I’d like to talk about a recent GCN that is one of the scariest I’ve seen at LinkedIn. The actual impact was limited; it only hit services that were deployed during the incident, and it happened relatively late in the day so only a handful of things had been deployed in that timeframe. …but had it happened earlier in the day…oh, man, could it ever have been worse. I only have a single inGraph to share from this one:
This is what push notification sends for Messaging (sent through ATC) looked like during the incident. A super-quick primer on how ATC works: ATC is responsible for managing a subset of outbound communications from LinkedIn. Outbound messages routed through ATC are mirrored to all production fabrics, and ATC uses lix to determine the fabric from which to send push/emails. If the message happens to be in the lix bucket from which ATC is supposed to send in that fabric, it sends. If not, ATC drops the message.
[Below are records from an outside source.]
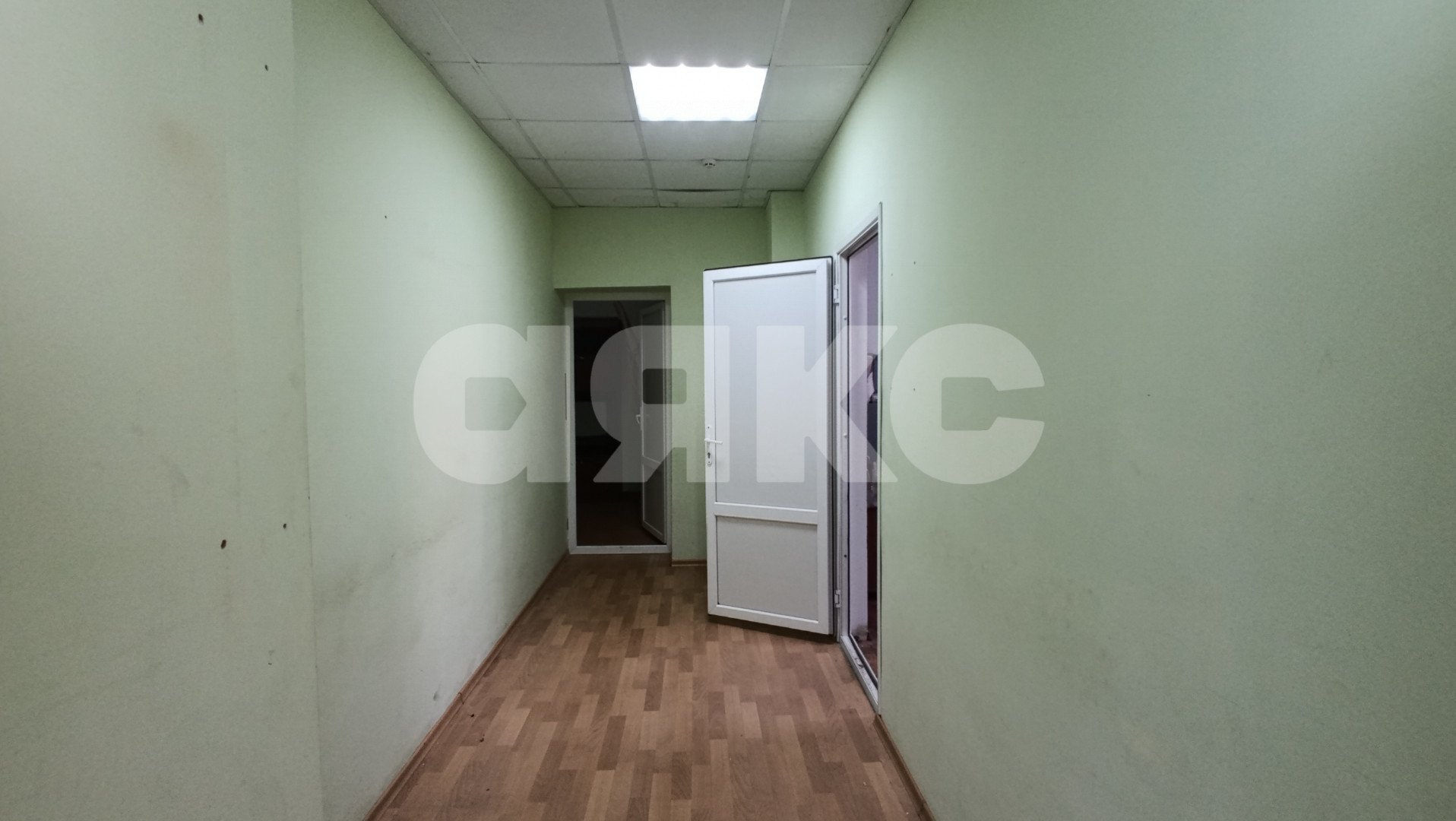 Фото №2: Коммерция 50 м² - Горячий Ключ, Администрация, ул. Ленина, 232Б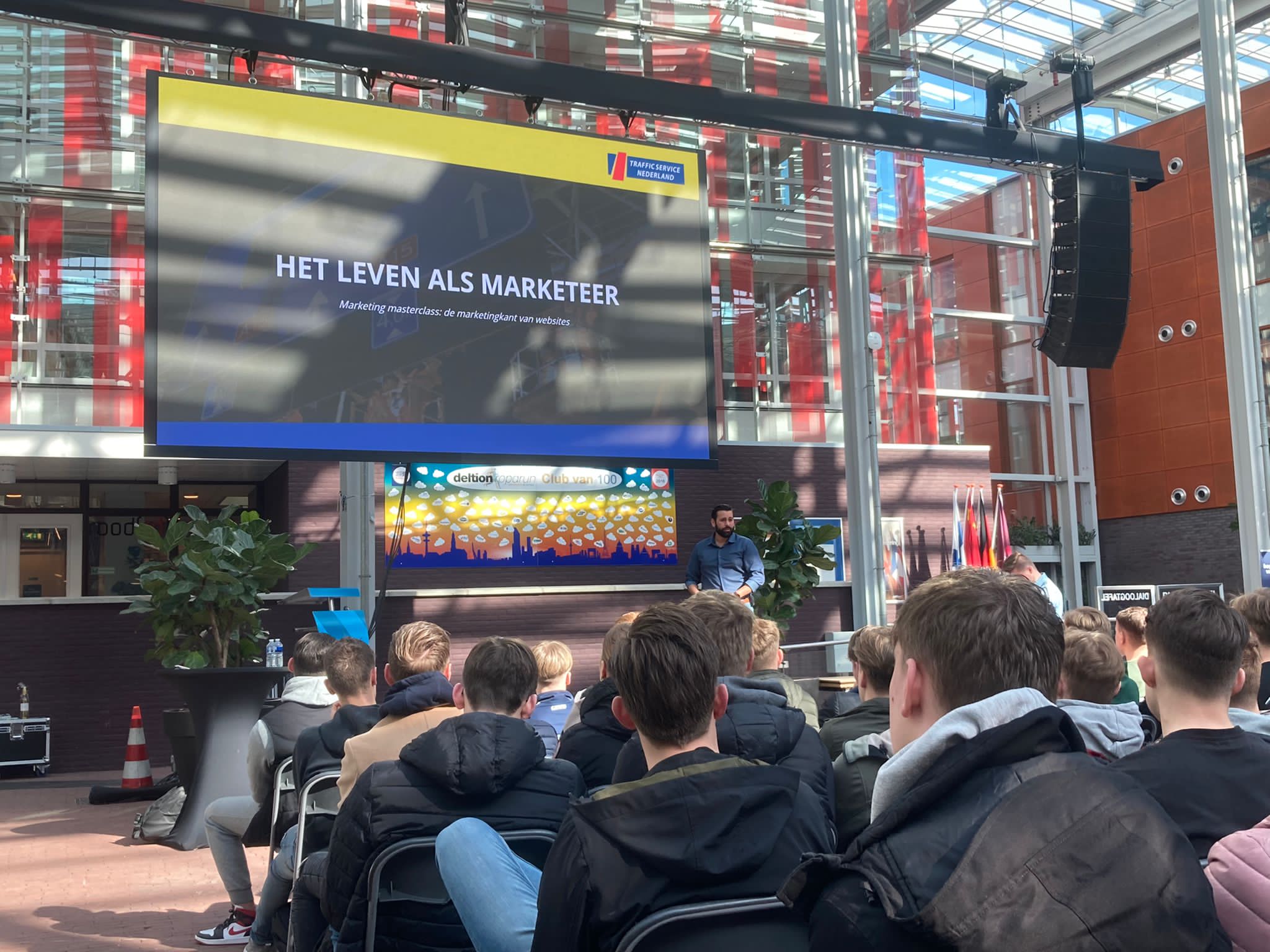 Foto van &Fawad Marketing waarop Fawad-Khan Bahadur een presentatie geeft aan studenten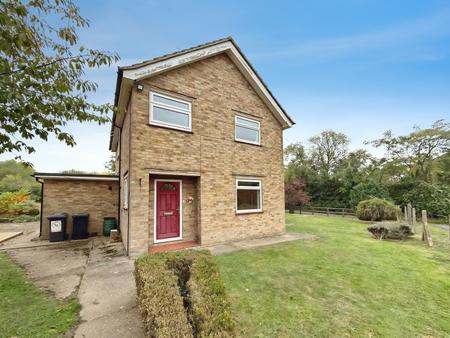 House Upton End Road in Shillington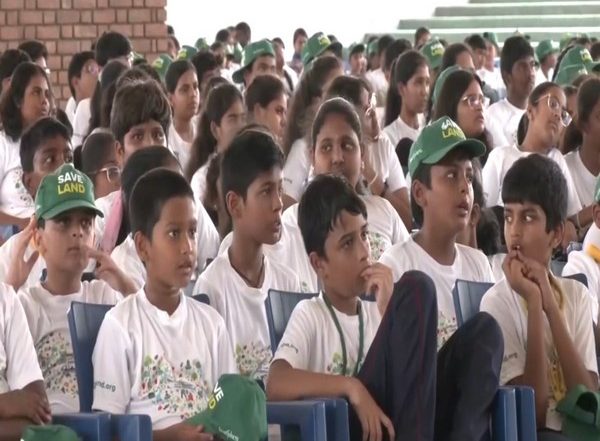 India News | 'Youth Acts - Planting for a Sustainable Future' Event Unites 2,500 Students for Conservation at Kanha Shanti Vanam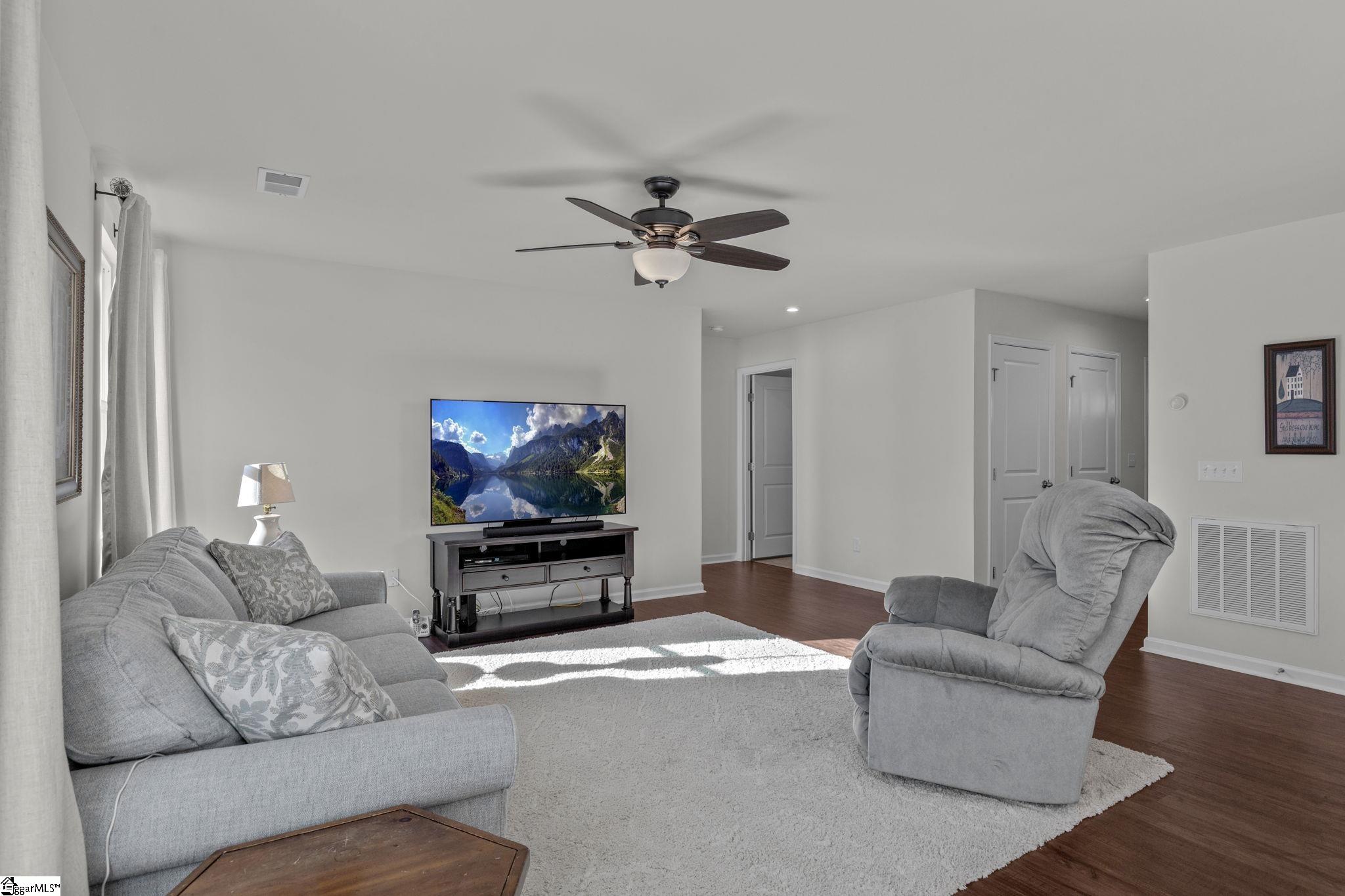 744 Parkside Drive Woodruff, SC 29388 - Photo 6 of 36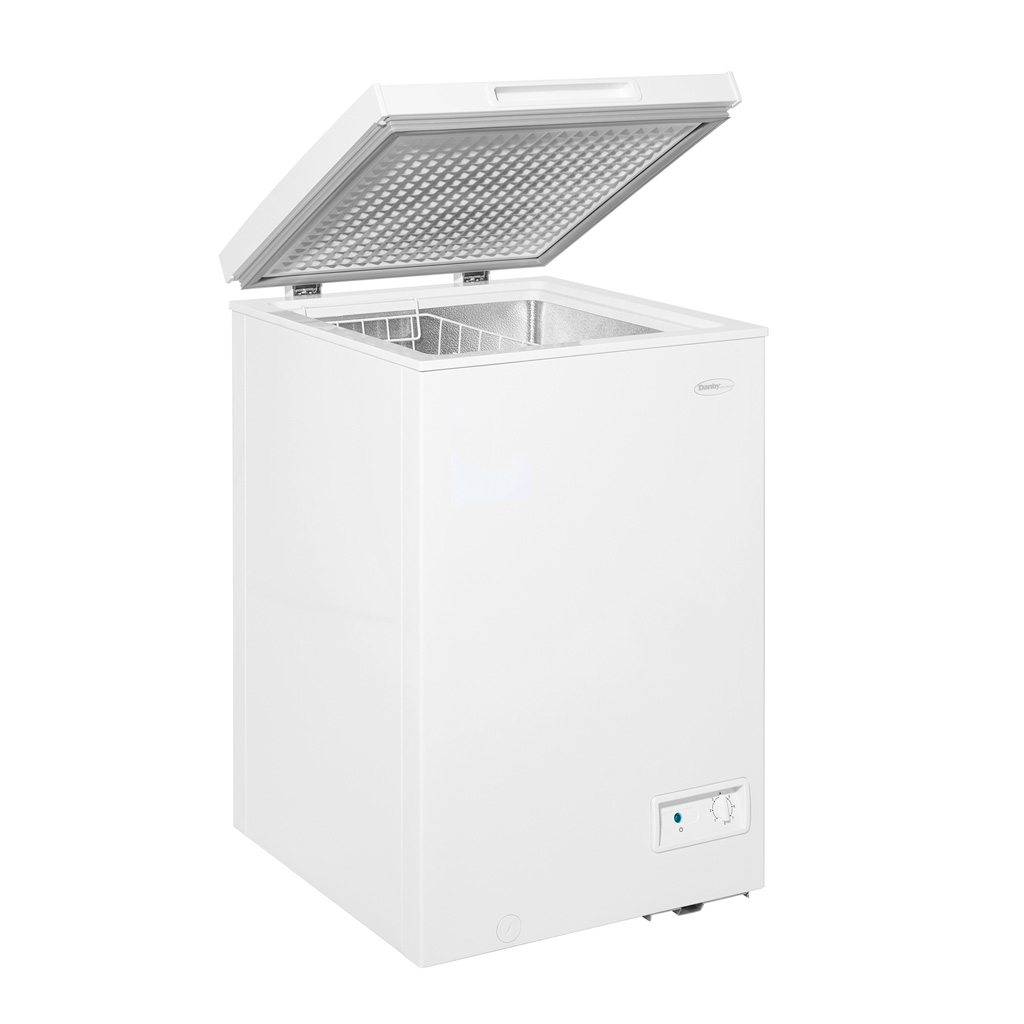 3.5 cu. ft. Square Model Chest Freezer DOE DCF035A6WM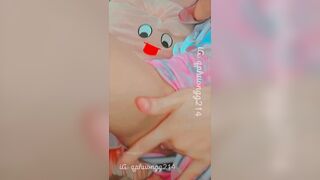 Bím non thủ dâm
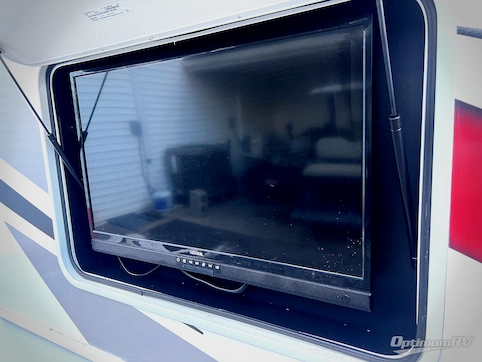 2023 Thor Chateau 27R RV Photo 4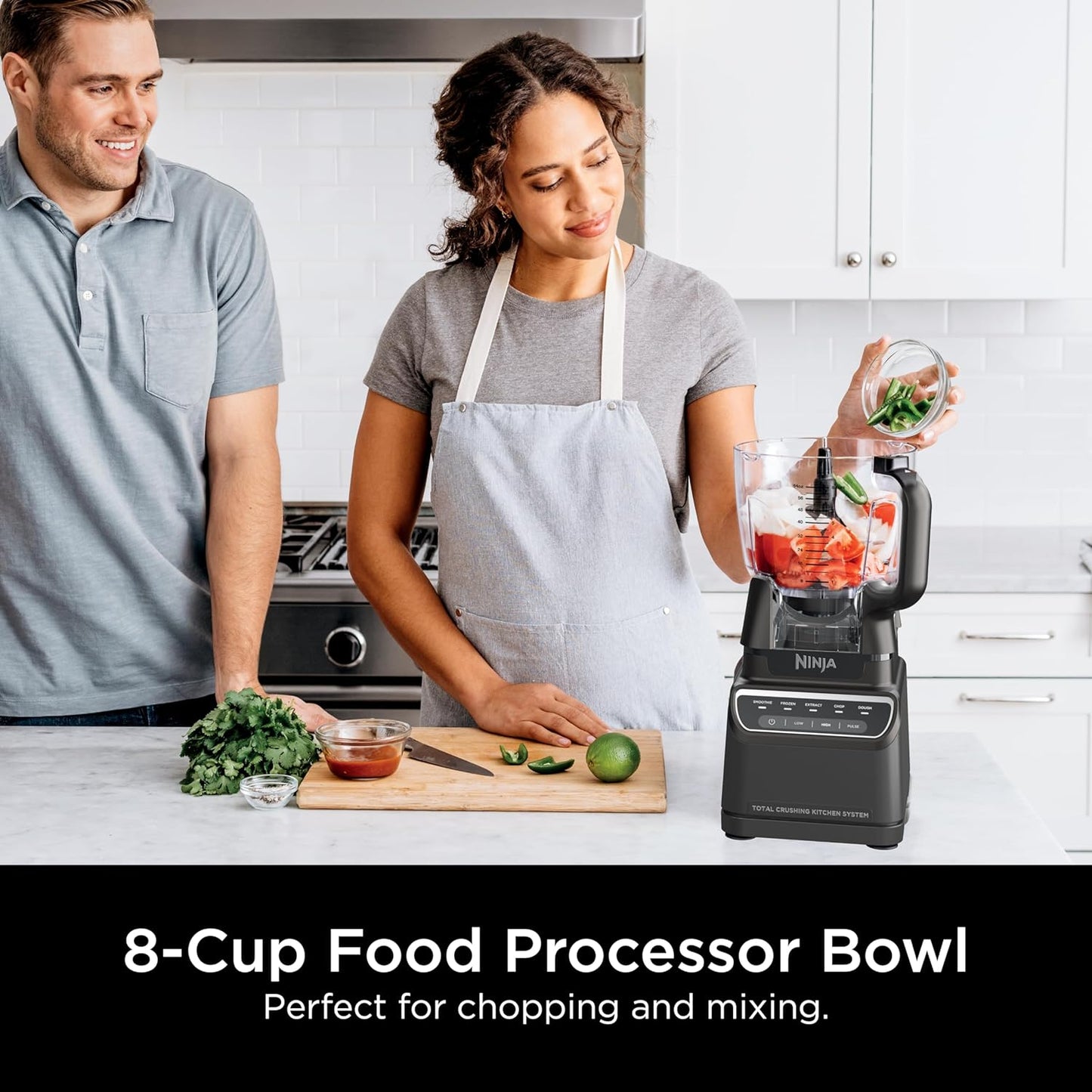2026 Ninja Mega Kitchen System, 1500W, Blender XL 72 oz et Robot Culinaire 8 Tasses avec (2) Gobelets To-Go 16 oz, Technologie Total Crushing - Smoothies, Glace Pilée, Purées, Pâte & Plus, Noir, BL770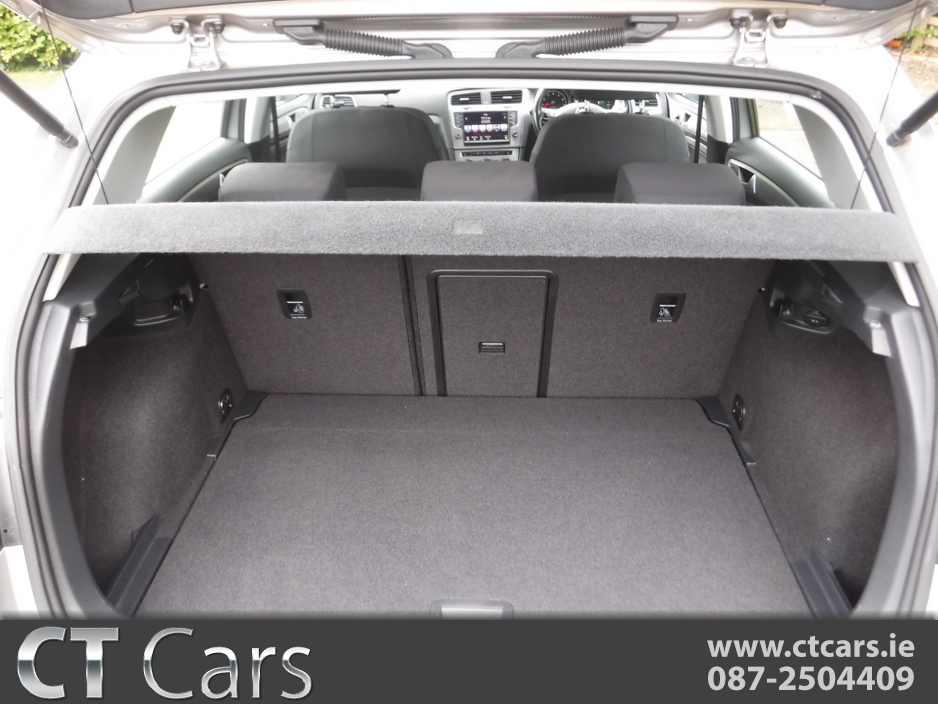 2016 Volkswagen Golf - image 10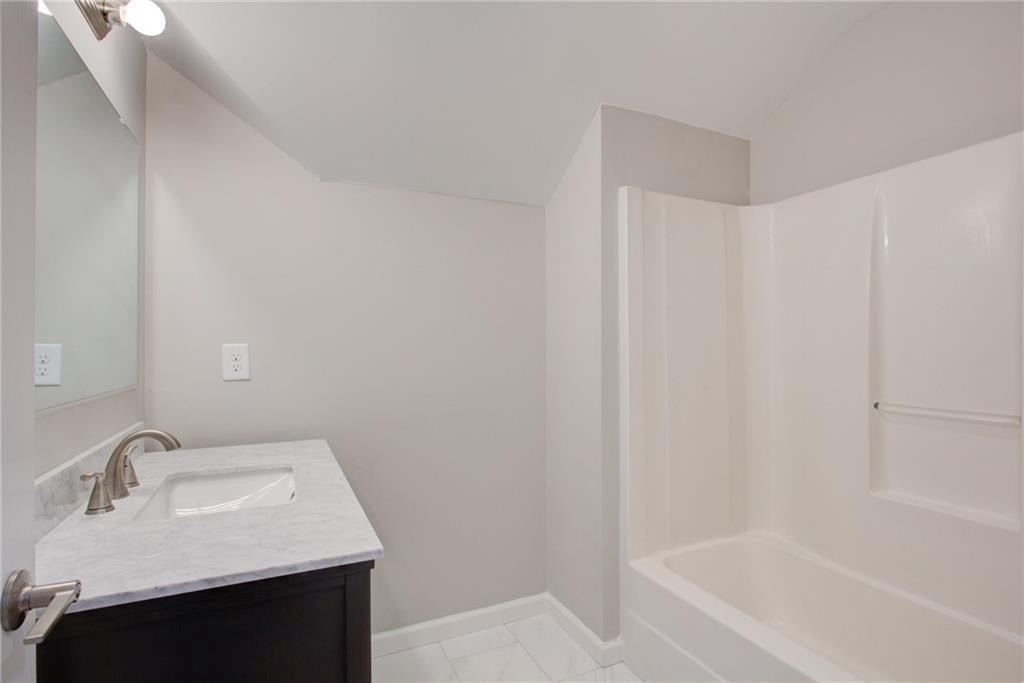 1173 Arlington Avenue Sw - Photo 13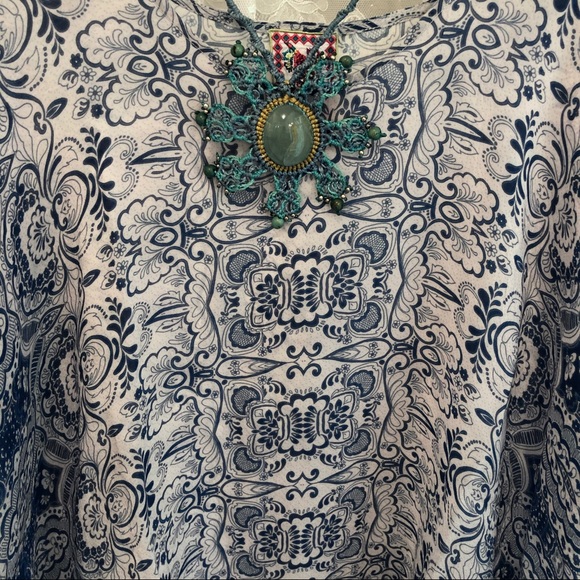 JOHNNY WAS * NWOT Blue/White Patterned Cupra Top - Picture 4 of 8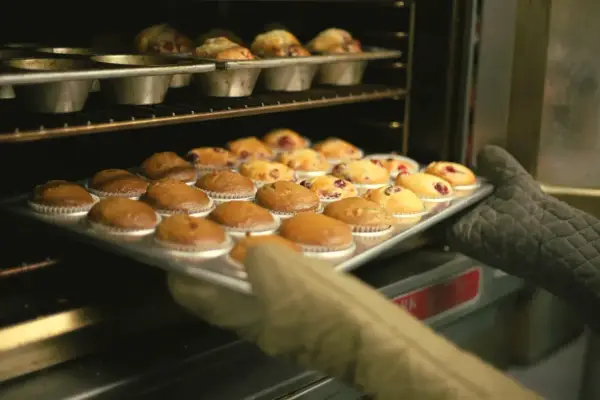 Wilgotne i puszyste muffinki - przepis, który zawsze wychodzi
..but what if lix goes away?
Giant, bold, underlined, italic font because that’s the entire point of this post. (I actually just spent 5 minutes trying to figure out how to make the font bigger.) In the case of ATC it Fails Open, which is to say: in the absence of information about what it should send, it simply sends everything. This means sending duplicates in a failure scenario like this one. Imagine getting duplicate pushes for every message you receive from LinkedIn Messaging. Awful.
Maybe you don’t use LinkedIn Messaging a whole lot. That’s fine…and it’s not the point. Allow me to repeat:
What happens if lix goes away?
Fuck A/B testing of copy changes or relevance modeling or any of that; XLNT results are not what I’m talking about. An (hilarious) email went out talking about “these 6 or so lixen were the only ones impacted, so otherwise we’re good!” Cool…but what happens to your product if lix returns control for all members?
Maybe you’re leveraging lix for data migration. Maybe you’re using it to wrap a potentially dangerous infrastructure change. In short: Maybe your use case has nothing to do with A/B testing. As a company we’ve embraced lix as a mechanism for being able to carefully ramp anything and everything to a targeted population for vetting/verification. One of the very first questions asked when a code change might have impact is “can we lix this?” The intent is that we can ramp the change gradually, and then turn it off and go back to the drawing board if it went awry.
What happens if lix goes away?
Repeating it a third time. How will your product behave? Will your product even work at all?
Seriously. I don’t mean to give you nightmares, but think about it.